• PROBLEM: Nothing but the lines from the start of the data through the line with "Beige Brasilien fotbollsjacka" should appear in the answer, each retyped exactly, and pictures should not.

• Short web captions:
* * * * * * *

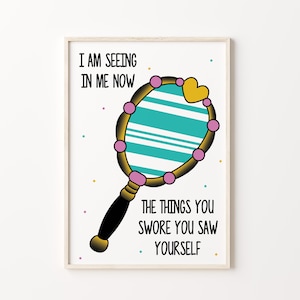 May include: A white background with a wooden frame around a print of a hand mirror with a turquoise and white striped surface. The mirror has a gold frame and pink beads around the edge. The mirror has a black handle and a gold heart at the top. The text "I am seeing in me now the things you swore you saw yourself" is printed below the mirror.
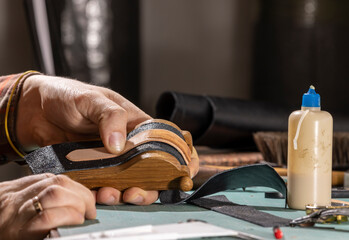 A leather craftsman is making a watch strap.
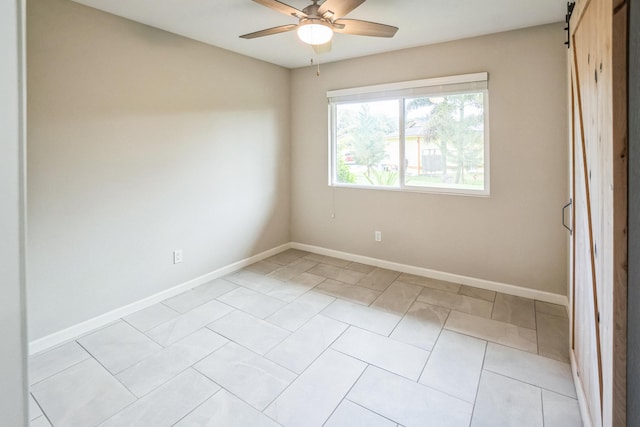 empty room with ceiling fan, a barn door, light tile patterned flooring, and baseboards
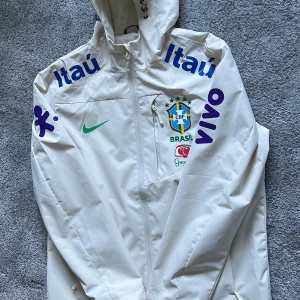 Beige Brasilien fotbollsjacka från Nike - Säljer en vit Nike jacka med Brasilien CBF-logga och sponsormärken. Jackan har huva, dragkedja och tryck i blått, grönt och gult. Perfekt för fotbollsälskare som vill ha något unikt och sportigt.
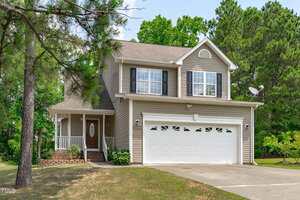 Charming two-story beige home at 2575 Primrose Lane in Creedmoor with a covered front porch, attached two-car garage, white trim, multiple windows, asphalt driveway, brick steps, and lush trees and greenery all around.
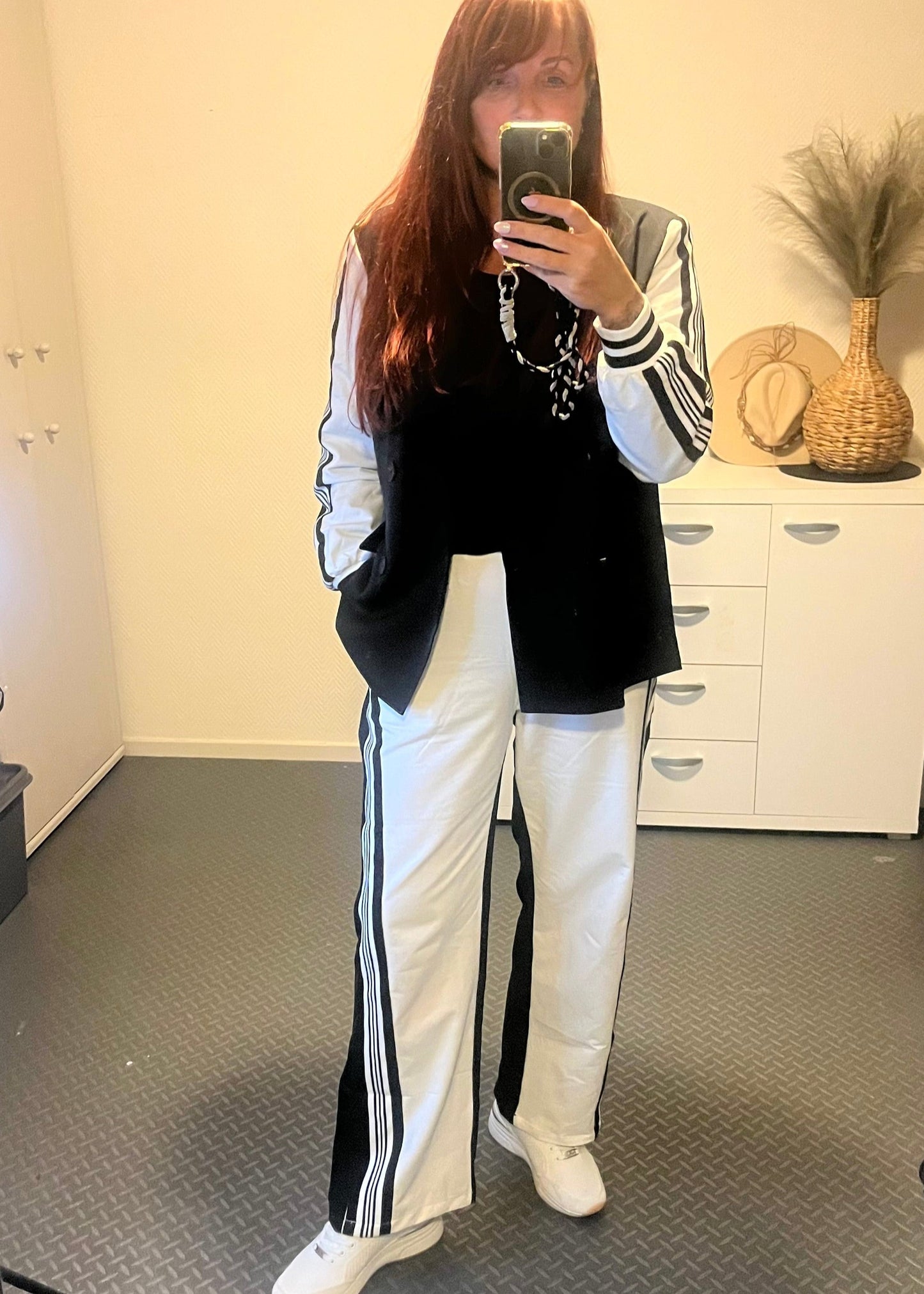 Tweedelige set zwart-wit met jasje en broek. Jasje met knopen en zakken, broek met elastische tailleband en steekzakken. One size tot maat 42.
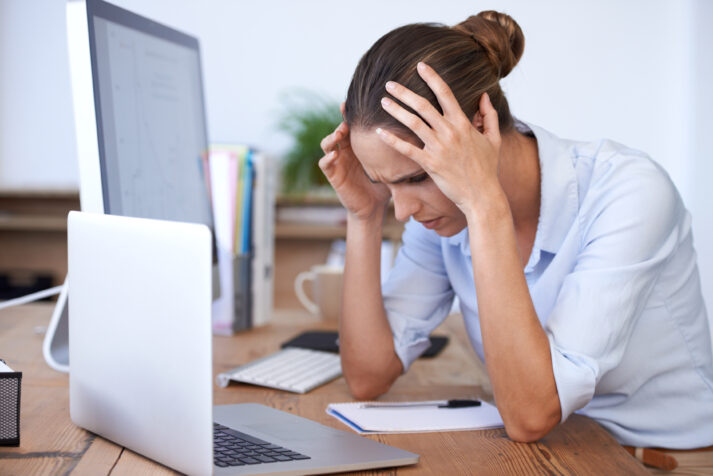 Headache, laptop problem and confused woman in office for anxiety, tax crisis and 404 pc glitch. Stress, burnout and frustrated female employee worried at computer for mistake, fail and tech disaster.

* * * * * * *

• TASK RESPONSE:
 May include: A white background with a wooden frame around a print of a hand mirror with a turquoise and white striped surface. The mirror has a gold frame and pink beads around the edge. The mirror has a black handle and a gold heart at the top. The text "I am seeing in me now the things you swore you saw yourself" is printed below the mirror.
 A leather craftsman is making a watch strap.
 empty room with ceiling fan, a barn door, light tile patterned flooring, and baseboards
 Beige Brasilien fotbollsjacka från Nike - Säljer en vit Nike jacka med Brasilien CBF-logga och sponsormärken. Jackan har huva, dragkedja och tryck i blått, grönt och gult. Perfekt för fotbollsälskare som vill ha något unikt och sportigt.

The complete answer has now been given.